A few weeks before the end of the Term, Justice O’Connor announced that I would also be performing at the annual SOC clerk reunion. The reunion was a formal affair attended by dozens of SOC’s former clerks and their significant others, including legal practitioners, law professors, and judges. I was petrified. On top of that, I had virtually no time to practice. The end of the Term is a busy time, and we clerks were working around the clock. I decided to play Opus 118, Number 2, because it was the piece with which I was most familiar.

The night of the event, the guests were seated at their dinner tables in the East Conference Room. I sat down at the piano and lifted my hands to play. But before I could begin, Justice O’Connor called out from her table, “Amy!! TELL THE STORY!!!” So, I had to repeat my made-up story about the love letter to Clara Schumann before that much larger audience, to my considerable embarrassment. 

My performance that evening left much to be desired, given that my hands and legs shook the entire time. But all was not lost. The current clerks were responsible for the evening’s entertainment, and my three co-clerks and I followed the Brahms with a musical revue we had written about the Court, with my husband Steve accompanying us at the piano. 

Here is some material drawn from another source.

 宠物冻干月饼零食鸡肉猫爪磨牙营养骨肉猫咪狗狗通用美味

I played the role of Ruth Bader Ginsburg, who had just been nominated by President Clinton to succeed retiring Justice Byron White. Wearing one of SOC’s judicial robes, glasses, and my hair in an RBG-style bun, I sang “If I Were a Justice,” to the tune of “If I Were a Rich Man” from Fiddler on the Roof. One of my co-clerks sang “I am Sandra,” to the tune of Helen Reddy’s “I am Woman.” That number included my favorite line from the program: “I am strong, I am in-scrut-able,” which perfectly captured the occasionally unpredictable nature of Justice O’Connor’s decision making and got a big laugh. There was also a rendition of “That’s Amore” in honor of Justice Scalia’s Italian heritage (“When the moon hits your eye like a big pizza pie, that’s Scalia!”). 

For the finale, we danced a can-can with life-sized puppets resembling all nine Justices, which we had borrowed from Arena Stage, and belted out a chorus of “It’s a Grand Old Court,” sung, of course, to the tune of “It’s a Grand Old Flag.” Cell phones had not been invented yet, and so I remain optimistic that no one recorded our little production!

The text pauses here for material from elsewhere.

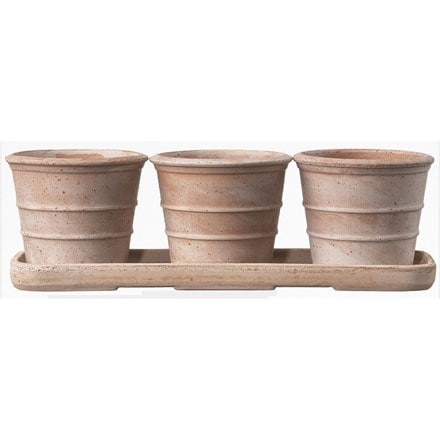 Planter vaso mini siena - 3 pots & tray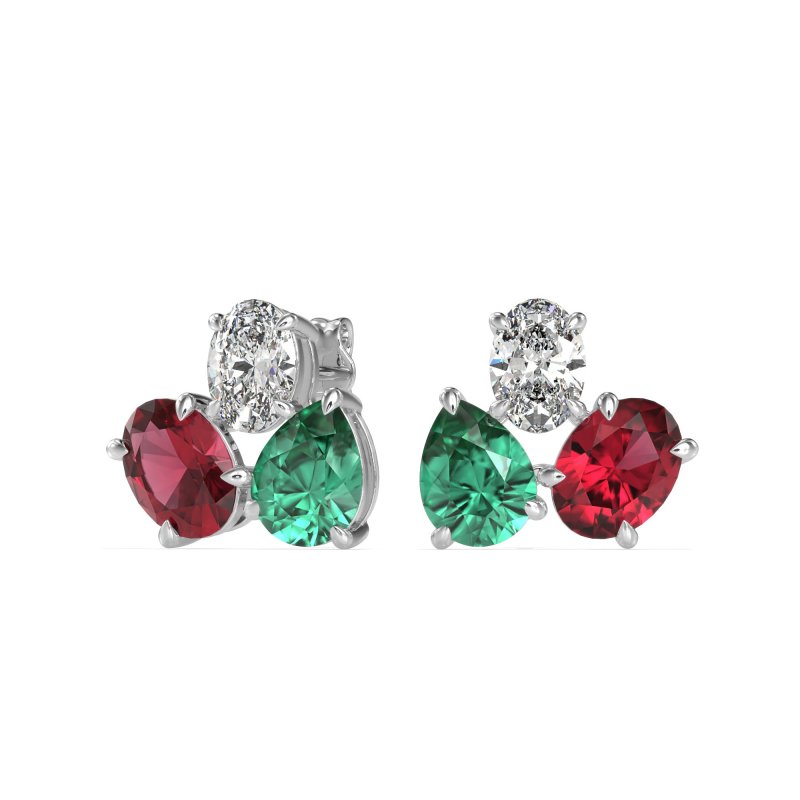 Oval & Pear Trio Stud Earrings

There were other musical highlights from my year at the Court, including the annual holiday party for staff in the beautifully decorated Great Hall, followed by caroling in the East Conference Room. Chief Justice Rehnquist, also a music lover, led the caroling. He had invited Judge Edward Becker of the U.S. Court of Appeals for the Third Circuit, who was an excellent pianist, to accompany the caroling. In addition, Justice O’Connor secured tickets for me, Steve, and Steve’s parents to attend an Easter service at the National Cathedral, where she served as a lector. We had seats at the front of the church in the choir, opposite the brass section, so the music for the service was in glorious surround-sound. 

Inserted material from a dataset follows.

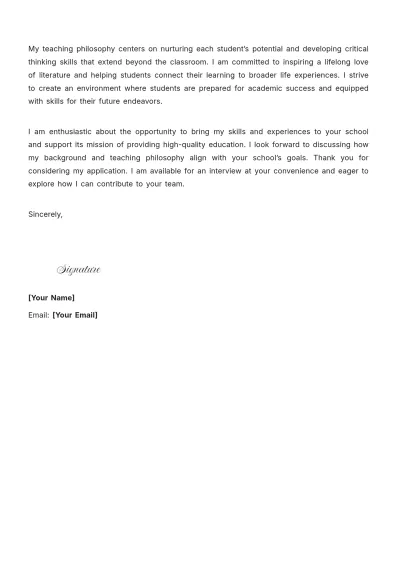 Free High School English Teacher Cover Letter to Edit Online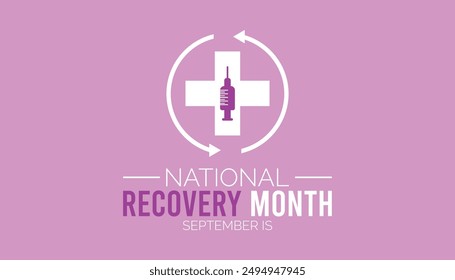 National Recovery Month is observed every year on September.Holiday concept background, placard, banner design template Vector illustration background design.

After my clerkship, it was about twenty years before I started taking piano lessons again and, eventually, playing for other people through AMSF. Performing for audiences remains a challenge for me, as I know it is for many AMSF members. But I persist because learning and sharing music with others is, for me, one of life’s great joys. It nourishes mind, body, and spirit, creates lasting friendships, and sometimes even opens unexpected doors — as my experience with Justice O’Connor attests.